Source data:
══════════
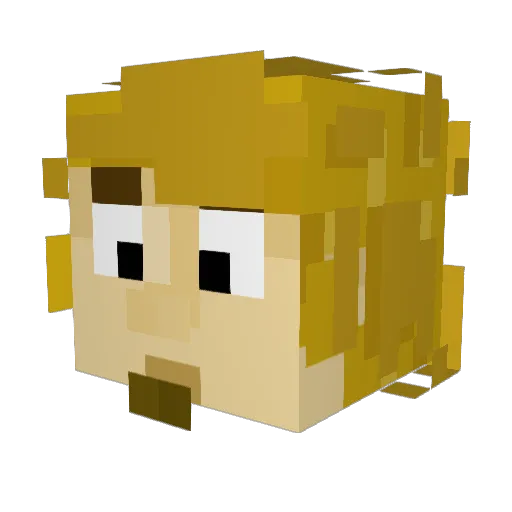 LBMR_Doudou85 Minecraft avatar head, 3D render
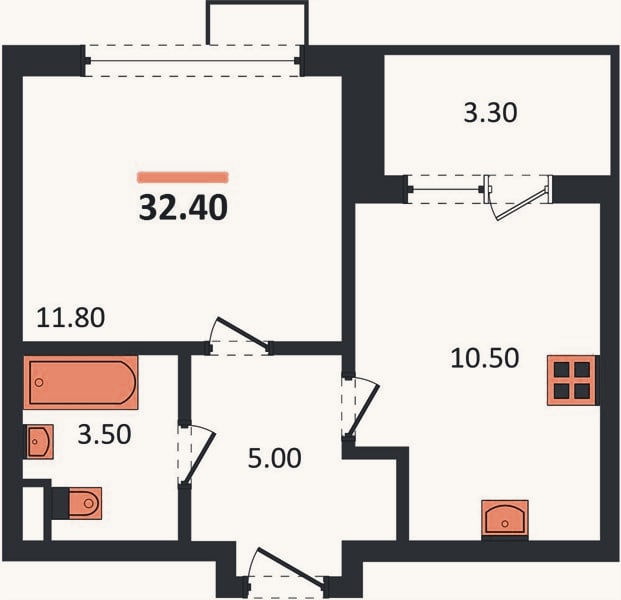 Планировка: 1-к, 32,4 м²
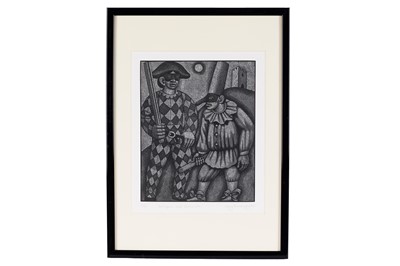 Lot 634 - Harry Brockway - Harlequin and Pulcinella | wood engraving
══════════
Please copy the data above exactly; the pictures do not belong in the copy.

 LBMR_Doudou85 Minecraft avatar head, 3D render
 Планировка: 1-к, 32,4 м²
 Lot 634 - Harry Brockway - Harlequin and Pulcinella | wood engraving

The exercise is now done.